Agree - NO carpet.  Nowadays many tenants have allergies and won't rent a unit that has carpet. Luxury vinyl planks are more durable, waterproof and easy to clean.

@Anthony Wick

That's what husbands are for! LOL! My husband is a contractor. The LVP we bought at Ollie's (a discount store) for $1.38/sq foot with built in underlayment. Its beautiful but it was a beast to install because the planks were thinner and brittle. He paid a laborer 20/hr to install. Looks great. Last floor he laid himself we bought a thicker but cheap laminate floor that was a good quality and easy to lay for 1.59/sq foot at Lowes. Thicker is easier. Also looks great. If you are going to hire it out, ask the contractor for suggestions on brands. Floors that go down easier will save you money in labor and keep you contractor happy and willing to work with you.

@Ken N.

Agree with previous posts....NONE in a perfect scenario. And NEVER in a hallway.

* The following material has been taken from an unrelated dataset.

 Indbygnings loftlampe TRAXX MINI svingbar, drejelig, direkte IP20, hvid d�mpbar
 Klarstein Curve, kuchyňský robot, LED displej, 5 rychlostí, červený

That said, we just finished a unit that’s bigger than we typically go for. We did LVP upstairs, but the basement would have pushed our budget. We did commercial carpet squares. Looks nice (enough), easy to install, and you can replace one square instead of all the carpet. This isn’t going to be ideal in many situations because it’s not all fluffy and soft. But we didn’t want the basement to be that cozy encourages applicants with WAY too many people trying to live in the house. Basement is now more of a family rec area and storage, so in this case, the carpet squares will work.

LVP would be better if there was a way to repair a single piece without having to completely disassemble the floor.  Because of that, I wouldn't recommend it in a bathroom or any place where water may get underneath it.  I like it in smaller sections, not where it joins between all rooms in one big piece...having had to disassemble and reassemble a Lifeproof floor over 8 hours is not fun, when the same issue with carpet would have taken 30 minutes.

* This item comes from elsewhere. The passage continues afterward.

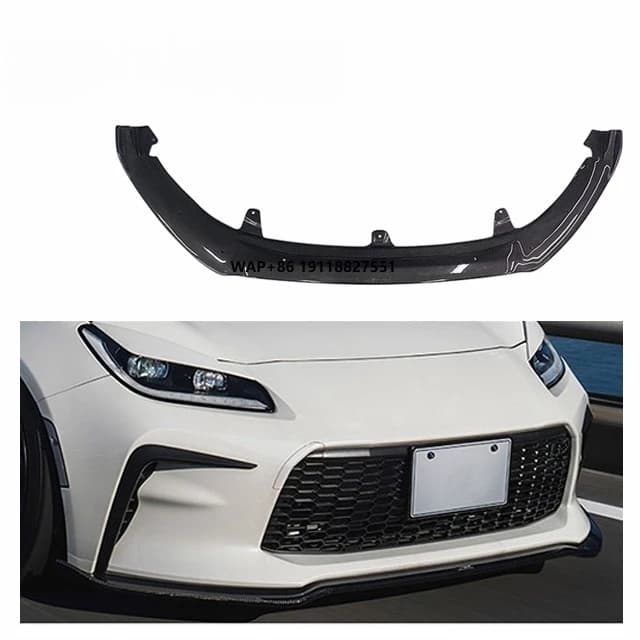 For GR86 ZN8 BRZ ZD8 SILKBLAZE Front Lip Body Kit GR86 ZN8 BRZ ZD8 Carbon Fiber Front Bumper Lip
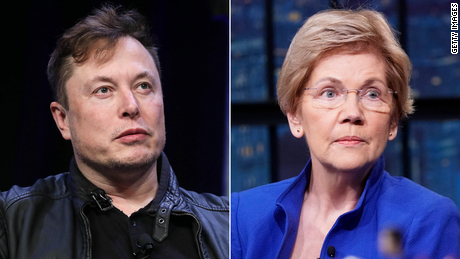 Elon Musk calls Elizabeth Warren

I personally like tile in the bathrooms, carpet in the bedrooms (or hardwood), and then LVP in the kitchen. Living room can be LVP or carpet or hardwood. Even if tile lasts 75 years, it's going to be out of style in 10 to 15 years anyways. If the tenant destroys the carpet, that's what the security deposit is for.

@Ken N. I’m sure this varies from market to market. In Memphis, TN I have found that my tenants like carpet in the bedrooms.

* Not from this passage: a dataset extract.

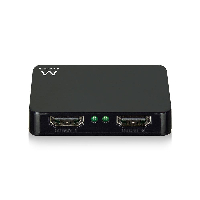 HDMI Сплитер EWENT 1/2, 4K@30Hz, USB, Черен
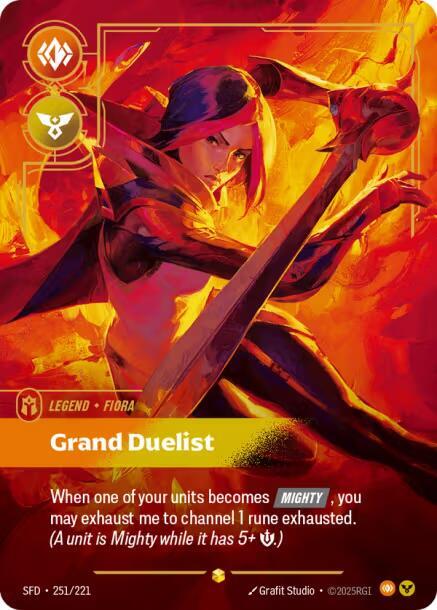 Fiora - Grand Duelist (Overnumbered) #251/221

For a long term buy and hold I'm looking for LOW maintenance options.

My typical property is a three bedroom two bath ranch. I install hard surface flooring (Vinyl plank & Tile) in all high traffic areas and wet areas.

By installing carpet in only three bedrooms, the cost is minimal to replace if necessary in the future.

*we also have an agreement in place to clean the carpet at a set rate of $125 with a local company.

Since we're here and I'm driving a keyboard instead of my phone, I think this is a good place to explain that the biggest benefit of porcelain tile, or rather what's called by the industry PEI 5 tile, isn't that it's harder and has a higher break point, it's that it's impervious, impermeable to water. This makes it a good sanitary surface,

Floor tile has been getting a lot harder and thicker in recent years to allow floor installers to take more shortcuts when installing it. It still cracks when it's installed by an idiot. You can get generations of use out of soft tile, even marble, if you install it correctly and make sure the subfloor underneath it is sufficiently rigid and minimally deflects.

The thinset method of tile installation itself is really the problem that we all face when we try to pay workmen to lay in lifetime tile floors. No one goes to the trouble necessary. It's just too much exacting, methodical work for too little pay. That's why we have tile floors cracking all over the place, not because the tiles aren't hard enough.

Originally posted by @Ken N. :

Hello BP community,

I wonder how many of you decide to put carpeting down the hall ways to the bed rooms for rental property?

I have read that ceramic tile is the most durable option, It can last up to 75 years.

Meanwhile, vinyl flooring lasts up to 25 years. And Carpet lasts around 15 years (if you take good care of it).

Me and my wife are renovating a single family ranch style home and trying to decide on flooring in the next few weeks.

We would love to hear your advice.

Thank you!


 No carpeting is the most ideal situation.